Valuable Honey Bees
History indicates that honeybees have been domesticated since the time of the building of the Egyptian pyramids. These busy social insects have repeatedly demonstrated their value to society as they fly from plant to plant collecting nectar. Pollen from many plants get stuck on the bee’s pollen baskets (hairs on the hind legs) and repeatedly gets rubbed off as the bees move from plant to plant. This process pollinates many flowering plants, fertilizing them and allowing them to reproduce. Without the vital work of bees, the productivity of plants would be diminished and our society would become hungry very quickly.
The honeybee’s primary commercial value is as a pollinator of crops. Orchards and fields have grown larger and numbers of wild pollinators have diminished. This pollination shortage is compensated by commercial bee keepers (apiarists) who maintain bee hives and move them to priority geographic locations according to climatic conditions and plant needs. Apiarists, who generally have a major investment in their bees and equipment, harvest the excess honey as a very tasty and nutritious food for human consumption.

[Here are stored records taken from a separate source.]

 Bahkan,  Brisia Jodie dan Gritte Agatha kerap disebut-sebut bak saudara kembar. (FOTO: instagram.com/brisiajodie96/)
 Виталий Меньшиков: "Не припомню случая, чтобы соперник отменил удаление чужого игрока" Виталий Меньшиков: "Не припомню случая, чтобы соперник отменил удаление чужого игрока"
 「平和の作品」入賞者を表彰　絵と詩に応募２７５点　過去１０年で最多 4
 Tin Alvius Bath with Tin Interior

There is evidence that beneficial bees are often killed with insecticides that are intended to control destructive insects. A Utah State University Fact Sheet (Pesticides No. 19), developed by Dr’s Howard Deer and Richard Beard, provide some excellent suggestions for pesticide applicators and bee keepers to reduce honey bee losses.

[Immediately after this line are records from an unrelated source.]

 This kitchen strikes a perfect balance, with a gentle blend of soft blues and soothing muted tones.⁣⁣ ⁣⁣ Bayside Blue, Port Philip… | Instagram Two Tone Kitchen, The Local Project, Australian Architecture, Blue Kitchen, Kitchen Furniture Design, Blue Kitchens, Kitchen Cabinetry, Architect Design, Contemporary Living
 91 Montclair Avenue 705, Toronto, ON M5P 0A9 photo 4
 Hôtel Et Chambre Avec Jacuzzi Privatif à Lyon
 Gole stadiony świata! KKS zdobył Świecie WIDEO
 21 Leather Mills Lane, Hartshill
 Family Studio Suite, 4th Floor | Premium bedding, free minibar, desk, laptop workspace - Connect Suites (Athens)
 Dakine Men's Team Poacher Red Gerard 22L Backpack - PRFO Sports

What the Pesticide Applicator Can Do
- Choose insecticides that are non hazardous to bees whenever possible. The more hazardous insecticide active ingredients include many of the organophosphates and the carbamates, and some of the synthetic pyrethroids and neonicotinoids.
- Choose insecticides that are non toxic to bees to apply on crops that are in bloom. Check the Environmental Hazards information under the Precautionary Statements section of the insecticide label to determine the hazard to bees.
- Choose the less hazardous insecticide formulations. Tests have consistently indicated that dusts are more hazardous than sprays of the same insecticide. Emulsifiable formulations usually have a shorter residual toxicity to bees than do wettable powders. Granular formulations are low in hazard to bees.
- Apply insecticides in late evening, night, or early morning while bees are not actively foraging. Evening applications are generally less hazardous to bees than early morning applications. When high temperatures cause bees to start foraging earlier or continue later than usual shift time accordingly.
- Apply insecticides when temperatures are not expected to be unusually low following treatment. Residues will remain toxic to bees for a much longer time under such conditions.
- Contact the beekeeper and ask him to remove his colonies from the area or to keep the bees confined during the application period.
- Select herbicide formulations that are the least harmful to bees for roadside and other weed control operations. Oily formulations seem to be more hazardous to bees. Spraying in late afternoon or evening will also lessen the hazard, since bees will not visit the blooms after they become curled.
What the Grower Can Do
- Mow or beat down orchard cover crops before applying sprays hazardous to bees. Treatment with 2,4-D is the best way to remove dandelion blooms. This is especially important in relation to the first cover spray on apples, which is applied during a critical foraging period when bees will fly several miles to obtain pollen and nectar from even a few blooms of dandelion, mustard, etc.
- Never spray a blooming fruit tree with any insecticide for any reason.
- When insect pests have been damaging a crop every season, use a preventative program of early season application before the insect populations increase or before foliage growth and weather conditions reduce the effectiveness of insecticides.
- Learn the pollination requirements of the crops you raise. Application of insecticides hazardous to bees on these crops, or driving beekeepers out of your area by the use of insecticides on other blossoming crops, will likely cause lower crop yields.
- Learn about the beekeeper’s problems with the poisoning of bees and enter into mutually advantageous agreements with him or her to best produce bee-pollinated crops.
What the Beekeeper Can Do
- Mark colonies of bees that are next to orchards or fields that may be treated. Post your name, mailing address, email address ,and phone number in printing large enough to be read at some distance in all apiaries so you can be contacted readily to move the colonies before hazardous insecticides are applied.
- Choose apiary sites that are relatively isolated from intensive insecticide applications and not normally subjected to drift.
- Keep hives out of fields treated with the more hazardous insecticides for at least 36 hours after the application. Tests have shown that about 90 percent of bee mortalities occur within 24 hours after application.
- Learn about pest control problems and programs so you can develop mutually beneficial agreements with growers concerning pollination service and prudent use of pesticides.